Earnings growth is an important metric to consider when valuing a stock. What investors need to determine next is if the expected earnings growth, or the lack of it, is already built into the share price. This then helps them determine if the stock is placed for a bright or bleak future. Has the market priced in the future outlook for AR? You can find out in our latest intrinsic value infographic research report.

Is Antero Resources Using Its Retained Earnings Effectively?

Given that Antero Resources doesn't pay any dividend to its shareholders, we infer that the company has been reinvesting all of its profits to grow its business.

Conclusion

Overall, we are quite pleased with Antero Resources' performance. Particularly, we like that the company is reinvesting heavily into its business, and at a high rate of return. As a result, the decent growth in its earnings is not surprising. Having said that, on studying current analyst estimates, we were concerned to see that while the company has grown its earnings in the past, analysts expect its earnings to shrink in the future. To know more about the company's future earnings growth forecasts take a look at this free report on analyst forecasts for the company to find out more.

Have feedback on this article? Concerned about the content? Get in touch with us directly. Alternatively, email editorial-team (at) simplywallst.com.

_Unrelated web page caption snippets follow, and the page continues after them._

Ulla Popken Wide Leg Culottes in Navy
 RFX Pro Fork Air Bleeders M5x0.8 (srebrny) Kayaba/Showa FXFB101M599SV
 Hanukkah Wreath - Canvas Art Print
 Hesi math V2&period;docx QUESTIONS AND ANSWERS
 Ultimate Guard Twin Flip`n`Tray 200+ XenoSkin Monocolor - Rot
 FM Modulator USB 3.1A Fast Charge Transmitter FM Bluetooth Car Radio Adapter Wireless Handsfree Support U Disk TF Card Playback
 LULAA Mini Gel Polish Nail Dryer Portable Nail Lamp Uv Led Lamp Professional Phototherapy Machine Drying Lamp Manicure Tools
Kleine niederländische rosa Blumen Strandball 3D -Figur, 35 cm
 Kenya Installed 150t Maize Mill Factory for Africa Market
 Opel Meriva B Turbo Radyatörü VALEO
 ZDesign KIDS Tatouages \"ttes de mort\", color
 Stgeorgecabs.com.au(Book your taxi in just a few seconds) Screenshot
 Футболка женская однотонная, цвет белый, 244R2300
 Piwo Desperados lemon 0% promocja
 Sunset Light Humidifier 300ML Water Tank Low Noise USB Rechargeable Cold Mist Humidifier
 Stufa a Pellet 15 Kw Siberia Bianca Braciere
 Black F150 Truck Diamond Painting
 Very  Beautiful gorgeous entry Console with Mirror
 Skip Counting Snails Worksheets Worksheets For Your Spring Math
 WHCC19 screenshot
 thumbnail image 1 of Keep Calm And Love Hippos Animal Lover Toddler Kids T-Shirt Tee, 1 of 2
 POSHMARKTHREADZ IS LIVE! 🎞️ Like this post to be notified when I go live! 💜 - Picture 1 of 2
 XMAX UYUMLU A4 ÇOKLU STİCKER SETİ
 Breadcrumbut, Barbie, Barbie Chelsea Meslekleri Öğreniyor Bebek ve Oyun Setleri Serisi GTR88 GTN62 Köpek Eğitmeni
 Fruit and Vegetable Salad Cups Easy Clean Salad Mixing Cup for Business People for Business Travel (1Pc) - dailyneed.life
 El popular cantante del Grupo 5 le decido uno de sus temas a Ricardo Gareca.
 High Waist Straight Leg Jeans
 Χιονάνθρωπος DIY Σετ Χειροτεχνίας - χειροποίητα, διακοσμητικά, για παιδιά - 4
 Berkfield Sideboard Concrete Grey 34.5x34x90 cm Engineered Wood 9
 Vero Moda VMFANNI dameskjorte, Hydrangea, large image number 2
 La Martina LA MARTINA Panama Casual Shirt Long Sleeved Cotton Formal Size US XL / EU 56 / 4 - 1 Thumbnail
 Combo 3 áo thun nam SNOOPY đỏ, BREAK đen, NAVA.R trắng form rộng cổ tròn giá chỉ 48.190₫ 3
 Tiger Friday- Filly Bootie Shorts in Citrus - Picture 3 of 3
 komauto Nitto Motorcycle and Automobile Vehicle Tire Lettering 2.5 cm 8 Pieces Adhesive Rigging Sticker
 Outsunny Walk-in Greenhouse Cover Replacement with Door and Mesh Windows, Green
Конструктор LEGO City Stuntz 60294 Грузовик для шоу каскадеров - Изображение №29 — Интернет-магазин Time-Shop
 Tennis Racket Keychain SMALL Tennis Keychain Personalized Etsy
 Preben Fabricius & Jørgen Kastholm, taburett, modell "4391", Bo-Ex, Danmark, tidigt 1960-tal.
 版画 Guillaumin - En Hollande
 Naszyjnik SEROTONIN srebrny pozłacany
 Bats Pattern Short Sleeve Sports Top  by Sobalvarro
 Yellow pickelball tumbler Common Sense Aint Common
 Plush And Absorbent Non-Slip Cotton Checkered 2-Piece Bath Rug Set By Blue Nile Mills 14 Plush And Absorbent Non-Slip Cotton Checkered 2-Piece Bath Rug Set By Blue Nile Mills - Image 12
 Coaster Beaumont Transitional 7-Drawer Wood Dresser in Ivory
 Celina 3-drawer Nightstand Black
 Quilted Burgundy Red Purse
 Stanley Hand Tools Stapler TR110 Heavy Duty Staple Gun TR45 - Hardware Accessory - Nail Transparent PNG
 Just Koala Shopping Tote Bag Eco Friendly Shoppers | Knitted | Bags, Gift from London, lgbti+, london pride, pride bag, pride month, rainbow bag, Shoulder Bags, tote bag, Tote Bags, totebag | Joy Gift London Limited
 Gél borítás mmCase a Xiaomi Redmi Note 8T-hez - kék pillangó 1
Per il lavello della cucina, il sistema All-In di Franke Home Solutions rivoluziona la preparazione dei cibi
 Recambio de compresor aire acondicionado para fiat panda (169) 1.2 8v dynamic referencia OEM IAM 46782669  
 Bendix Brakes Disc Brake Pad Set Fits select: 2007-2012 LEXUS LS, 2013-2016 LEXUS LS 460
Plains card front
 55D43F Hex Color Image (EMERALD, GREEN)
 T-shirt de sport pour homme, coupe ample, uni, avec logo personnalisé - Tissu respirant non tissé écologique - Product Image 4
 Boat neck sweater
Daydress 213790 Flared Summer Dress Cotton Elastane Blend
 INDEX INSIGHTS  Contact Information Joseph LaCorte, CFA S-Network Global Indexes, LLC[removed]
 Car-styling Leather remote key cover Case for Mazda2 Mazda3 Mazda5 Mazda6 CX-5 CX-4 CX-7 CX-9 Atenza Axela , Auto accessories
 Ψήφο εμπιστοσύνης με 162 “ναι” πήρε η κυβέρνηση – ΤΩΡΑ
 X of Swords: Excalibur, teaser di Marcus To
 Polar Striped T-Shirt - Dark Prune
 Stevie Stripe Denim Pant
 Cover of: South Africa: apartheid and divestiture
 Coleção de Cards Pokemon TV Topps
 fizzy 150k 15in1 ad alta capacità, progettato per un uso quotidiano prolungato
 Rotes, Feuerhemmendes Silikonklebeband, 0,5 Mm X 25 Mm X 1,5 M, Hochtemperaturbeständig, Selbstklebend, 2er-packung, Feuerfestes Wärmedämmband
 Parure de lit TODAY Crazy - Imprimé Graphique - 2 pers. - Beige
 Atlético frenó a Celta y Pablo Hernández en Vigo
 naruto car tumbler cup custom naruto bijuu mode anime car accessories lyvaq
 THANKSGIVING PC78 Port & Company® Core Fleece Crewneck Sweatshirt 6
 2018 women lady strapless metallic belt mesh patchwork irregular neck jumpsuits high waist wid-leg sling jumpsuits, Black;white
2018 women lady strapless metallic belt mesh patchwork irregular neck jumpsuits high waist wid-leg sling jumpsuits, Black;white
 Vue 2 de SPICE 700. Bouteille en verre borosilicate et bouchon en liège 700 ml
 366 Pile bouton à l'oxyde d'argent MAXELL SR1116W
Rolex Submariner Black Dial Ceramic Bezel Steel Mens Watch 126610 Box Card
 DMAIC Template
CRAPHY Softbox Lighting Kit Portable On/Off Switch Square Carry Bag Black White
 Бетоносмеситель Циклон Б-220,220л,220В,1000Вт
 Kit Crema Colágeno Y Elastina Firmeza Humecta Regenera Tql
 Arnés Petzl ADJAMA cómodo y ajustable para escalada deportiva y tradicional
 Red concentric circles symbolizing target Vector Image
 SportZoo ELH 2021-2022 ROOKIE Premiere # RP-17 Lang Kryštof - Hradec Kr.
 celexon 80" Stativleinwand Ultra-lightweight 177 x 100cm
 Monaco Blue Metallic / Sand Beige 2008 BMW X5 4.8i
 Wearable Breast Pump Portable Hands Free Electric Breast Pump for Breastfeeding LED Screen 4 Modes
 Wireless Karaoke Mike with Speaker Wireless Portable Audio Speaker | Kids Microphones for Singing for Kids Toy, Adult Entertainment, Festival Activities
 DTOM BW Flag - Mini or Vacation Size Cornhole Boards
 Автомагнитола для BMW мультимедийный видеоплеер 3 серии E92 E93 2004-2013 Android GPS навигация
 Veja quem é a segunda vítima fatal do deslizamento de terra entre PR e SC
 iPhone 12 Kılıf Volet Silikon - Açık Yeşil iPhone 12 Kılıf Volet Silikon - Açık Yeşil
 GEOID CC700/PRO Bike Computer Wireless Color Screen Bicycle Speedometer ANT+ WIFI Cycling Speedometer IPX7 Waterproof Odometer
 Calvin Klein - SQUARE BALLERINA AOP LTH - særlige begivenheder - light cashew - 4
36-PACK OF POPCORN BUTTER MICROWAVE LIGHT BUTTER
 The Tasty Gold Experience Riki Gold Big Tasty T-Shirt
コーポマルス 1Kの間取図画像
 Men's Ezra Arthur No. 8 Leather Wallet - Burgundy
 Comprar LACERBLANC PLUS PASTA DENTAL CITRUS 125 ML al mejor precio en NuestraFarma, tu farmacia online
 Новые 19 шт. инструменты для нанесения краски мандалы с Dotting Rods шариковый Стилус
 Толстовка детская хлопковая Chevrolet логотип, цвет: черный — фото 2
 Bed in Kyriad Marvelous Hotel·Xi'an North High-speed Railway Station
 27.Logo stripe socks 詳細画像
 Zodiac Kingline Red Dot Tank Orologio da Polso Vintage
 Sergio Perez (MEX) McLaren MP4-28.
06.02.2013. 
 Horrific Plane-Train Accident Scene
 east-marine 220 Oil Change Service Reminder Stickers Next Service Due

This article by Simply Wall St is general in nature. We provide commentary based on historical data and analyst forecasts only using an unbiased methodology and our articles are not intended to be financial advice. It does not constitute a recommendation to buy or sell any stock, and does not take account of your objectives, or your financial situation. We aim to bring you long-term focused analysis driven by fundamental data. Note that our analysis may not factor in the latest price-sensitive company announcements or qualitative material. Simply Wall St has no position in any stocks mentioned.